Activity: Please transcribe exactly the lines from the line holding "Gambar V-GeN SSD" through the end of the data below, and skip any pictures.

───── Supplied material ─────

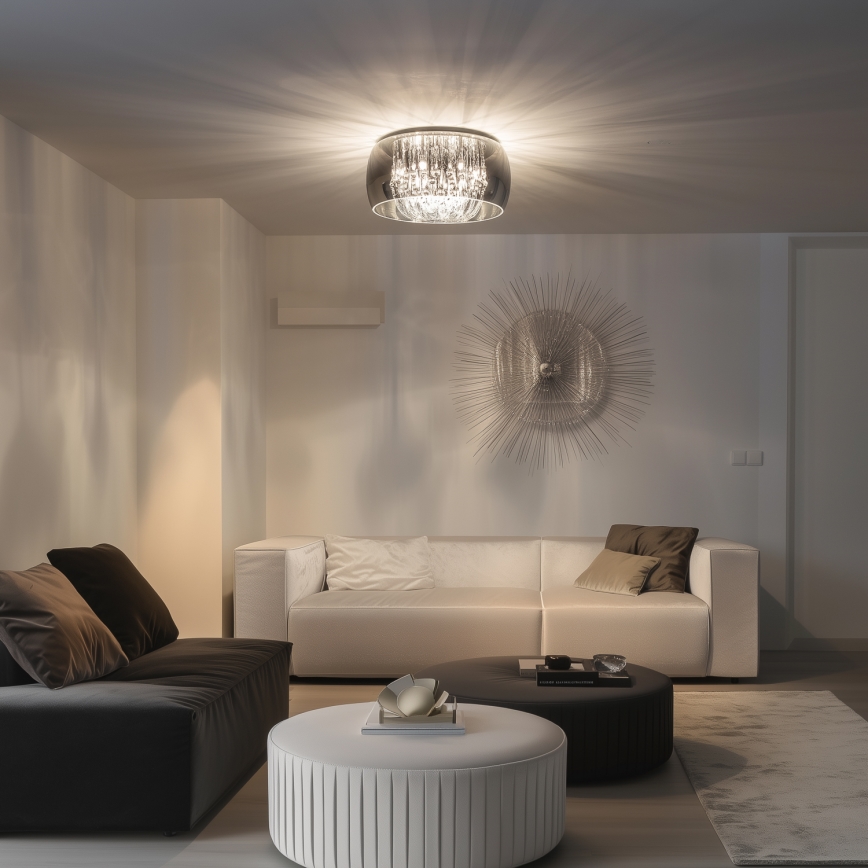 Brilagi - LED Křišťálové stropní svítidlo JEWEL 6xG9/42W/230V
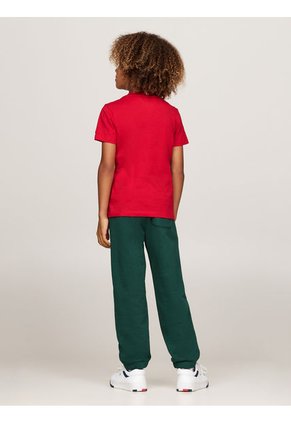 Camiseta Niño Roja Con Logo Gráfico En El Pecho Tommy Hilfiger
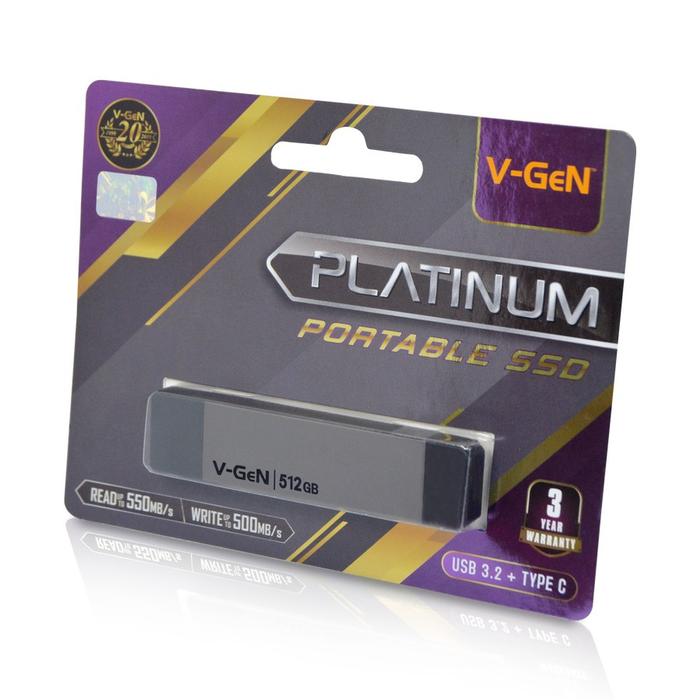 Gambar V-GeN SSD Portable 128GB 256GB 512GB 1TB 2TB SSD External Type-C VGEN - 512GB dari Karya Citra Computers Jualkom undefined Tokopedia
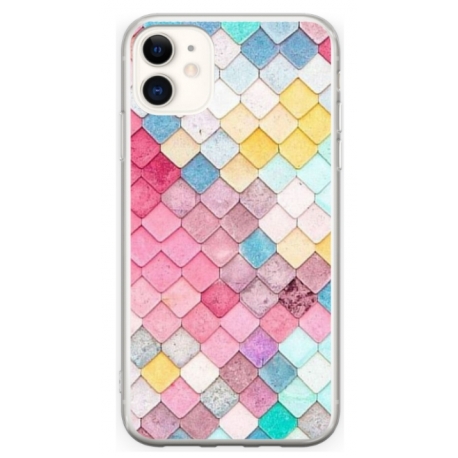 Husa personalizata tip carcasa HQPrint pentru Apple iPhone 12, model Color Scales, multicolor, S1D1M0258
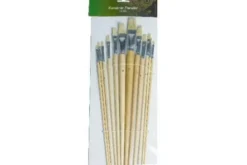 Artino Kunstenaarspenselset – 12 stuks (natuurhout steel) ideaal voor modelbouw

─────

Output for this task:
 Gambar V-GeN SSD Portable 128GB 256GB 512GB 1TB 2TB SSD External Type-C VGEN - 512GB dari Karya Citra Computers Jualkom undefined Tokopedia
 Husa personalizata tip carcasa HQPrint pentru Apple iPhone 12, model Color Scales, multicolor, S1D1M0258
 Artino Kunstenaarspenselset – 12 stuks (natuurhout steel) ideaal voor modelbouw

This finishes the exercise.